Ridleys are very tall.

i am 5' 11"

I ride a Bianchi 928SL 57 cm, 120mm stem, 25mm spacers

I ride a Ridley X-Fire 52 cm, 100mm stem 45 mm spacers

both fit me right, the reach on the Ridley is shorter as it should be for a better handling for cross.


----------



## tetter (Jun 28, 2008)

why the preference for campy? the redline is a GREAT bike tough as nails and the set up is got a lot of bang for the buck.


----------



## Snopro440 (Dec 21, 2006)

I like Campy because I have used it on my road bikes for a long time, and I really like it. It has been durable and performs well. I had an Orbea Road bike, and it had Sram Force. I tried and tried to like Sram, but it just wasn't as nice Campy TO ME!!! I know Sram is good stuff, and I know 1st hand that they have EXCELLENT customer service.
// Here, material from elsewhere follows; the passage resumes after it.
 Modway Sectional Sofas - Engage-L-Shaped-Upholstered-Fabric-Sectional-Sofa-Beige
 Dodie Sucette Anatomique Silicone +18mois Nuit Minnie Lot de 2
I guess it just comes down to me having used Campy in the past and being satisfied and comfortable with it. I probably could get used to Sram on a cross bike, and the Conquest Pro would be FAR cheaper for me, so I am thinking long and hard about it!!!!!


----------



## OneGear (Aug 19, 2005)

Snopro440 said:


> I am thinking about a building a cross bike with a Ridley Crosswind or a Crossbow frame. I have a Ridley Excalibur road bike, and it is a medium, with a 56.5 top tube. I am 6 feet 1 inch tall. On my Excalibur I run 50 mm of spacers under the stem to get the saddle to bar drop to an acceptable level. My question is..... How do Ridleys cross bikes fit? I know they come in 54 and 56. My guess is the 56 is the size to get for cross, could any of you offer any insight?
> 
> My potential build would be Campy Veloce 10 speed (new nos pre quick shift) with Fulcrum Racing 5 wheels.
> 
> My other choice would be a stock 2009 Redline Conquest Pro. ( I really prefer Campy over Sram though). Thoughts anyone??
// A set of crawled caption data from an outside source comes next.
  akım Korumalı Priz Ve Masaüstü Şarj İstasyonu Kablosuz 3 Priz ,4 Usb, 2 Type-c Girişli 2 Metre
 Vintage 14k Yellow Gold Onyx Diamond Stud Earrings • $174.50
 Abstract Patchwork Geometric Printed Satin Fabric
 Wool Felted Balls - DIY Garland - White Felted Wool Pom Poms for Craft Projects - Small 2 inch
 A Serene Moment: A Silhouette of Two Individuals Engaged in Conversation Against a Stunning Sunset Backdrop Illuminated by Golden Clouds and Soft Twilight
I'm 5'10 and went with the 52cm Crosswind. 53.5cm tt. I barely clear the TT when I"m standing over it, but it's not a big deal, mounting is not that hard.
I run about 10mm of spacers over the topcap, and a 110mm stem. It fits me like a glove except for the standover issue.
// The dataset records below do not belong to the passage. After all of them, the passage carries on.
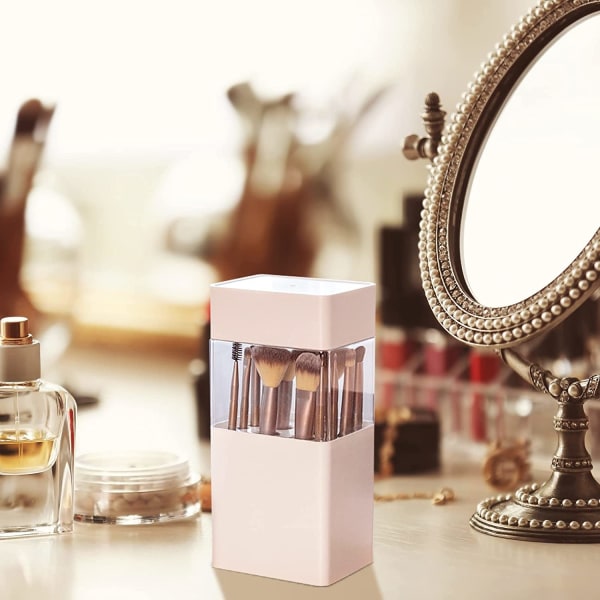Pink anti-låg makeup børsteholder, gennemsigtig makeup børste lager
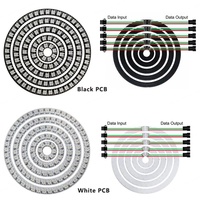 Anneau lumineux à pixels RGB WS2812B 5050 SMD, 120 LED/m, USB, flexible, à intensité variable, contrôle intelligent par application et maison connectée, IP33, 6000K/2700K, 5V, plastique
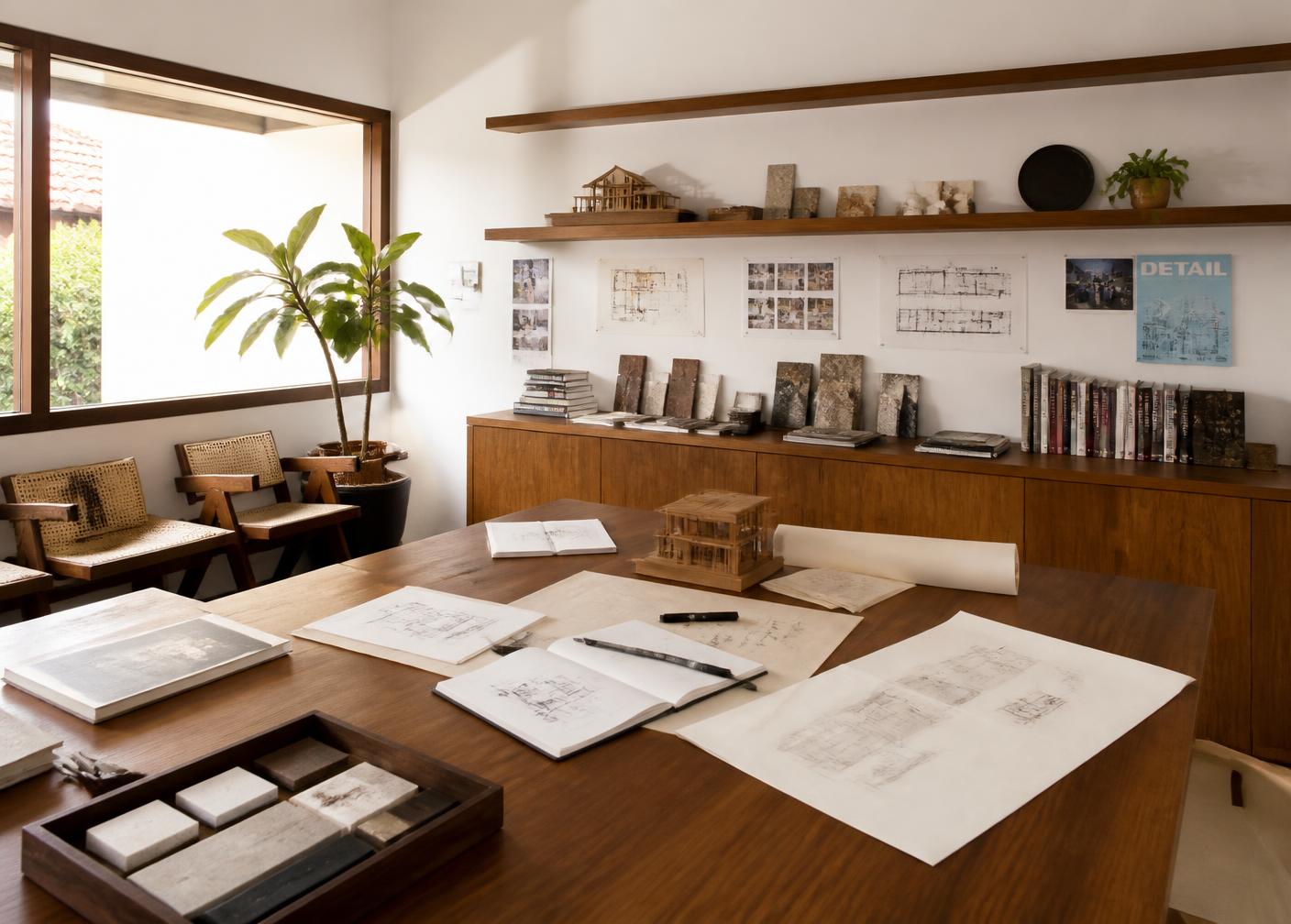 D'Casa Homes design studio with a teak table, drawings, material samples and warm daylight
54Cm might work for you, I would run with 54. Make sure the seat tube isn't ridiculously high for you, and you get standover. most importantly is the top tube, you don't want it to be too short so you have to run an overly long stem, that will mess up handling. I don't think you are tall enough for a 56cm Crosswind. Measure out a 54cm and try to match it on your current bike. 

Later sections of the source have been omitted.